Drago n'a pas de réponse à fournir à cela. Seulement l'émotion que les paroles de Granger lui inspirent.
– Il sort avec une stagiaire de Gringotts maintenant je crois, reprend-elle après un profond soupir.
– Il sort avec un Gobelin ?!
Cette fois, Granger rit franchement :
– Tu es bête...
Dans le silence qui s'installe, Drago perçoit soudain la jeune fille que Granger a été. L'adolescente maladroite qui cachait son affection pour Weasley derrière des airs détachés. Il voit la jeune femme qu'elle est encore, tout au fond d'elle. Amoureuse. Pleine d'espoir.

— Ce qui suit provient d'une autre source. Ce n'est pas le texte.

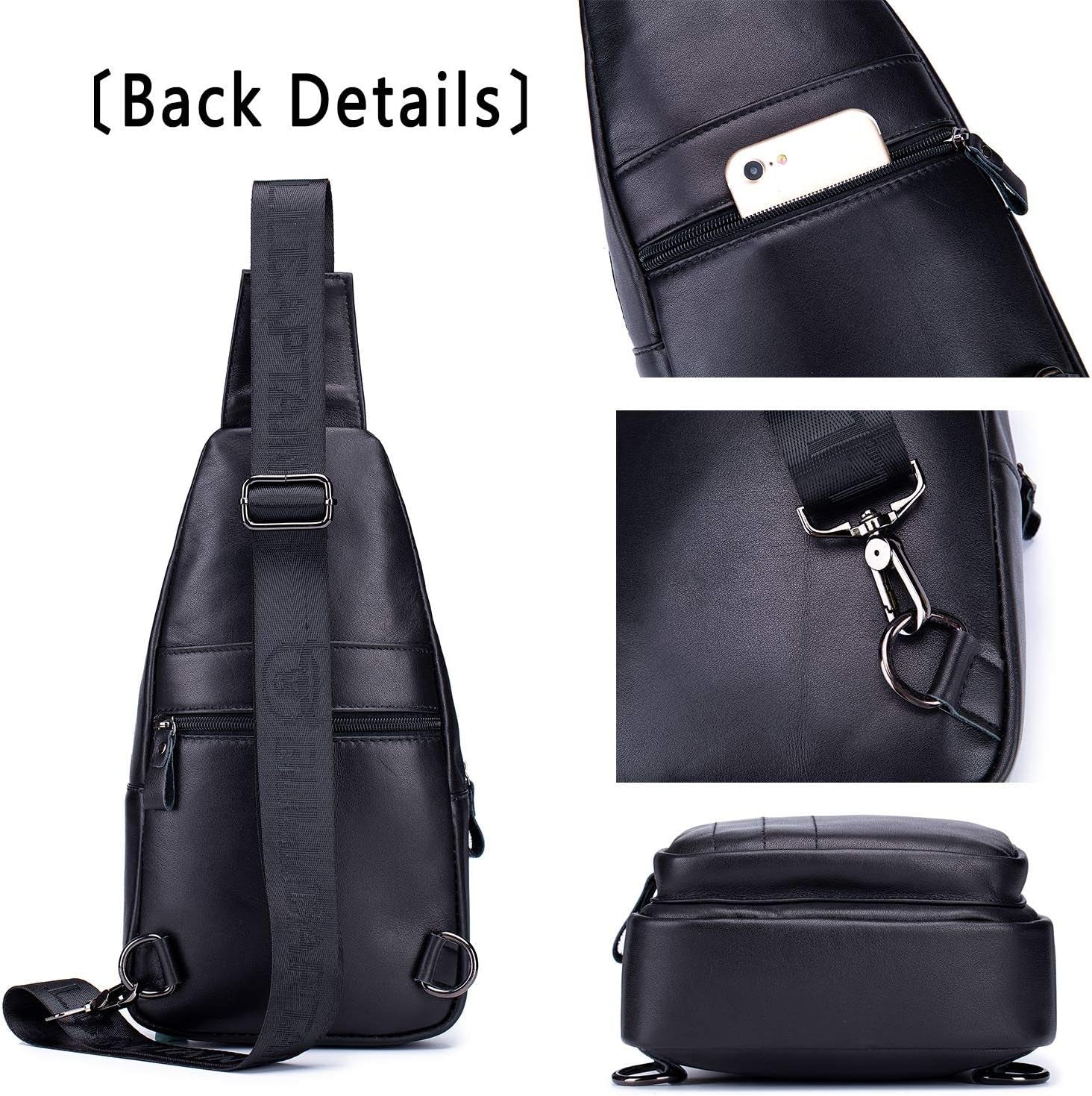 Cross Body Bags for Men Leather Sling Bag Casual Daypacks Chest Bags Shoulder Bag Travel Hiking Backpacks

– Il ne l'a pas épousée, murmure-t-il finalement.
– Non, dit-elle en croisant son regard.
– Il ne lui a pas fait d'enfants.
– Non.
– Il n'a pas acheté de maison avec elle.
– Non.
– Alors il t'attend encore.
Elle hausse les épaules, se détourne pour énoncer ce vœu à peine avoué :
– Peut-être...
– Alors, nous allons trouver la solution toi et moi. Nous allons soigner tes parents, et tu pourras aller retrouver ta belette.
– S'il veut toujours de moi...
– Il serait stupide de ne pas vouloir de toi. Tu sais que je l'ai toujours trouvé stupide, mais quand même, personne n'est stupide à ce point-là.
Elle rit. Sèche une larme au coin de ses yeux :
– Au travail alors. Rentre chez toi pour te reposer, et demain, on attaque les choses sérieuses.
Drago acquiesce. Cela lui fait du bien d'avoir un objectif. Une pensée autre que cette maladie qui gigote dans ses veines. Pour la première fois depuis des années, il ne se sent pas seul.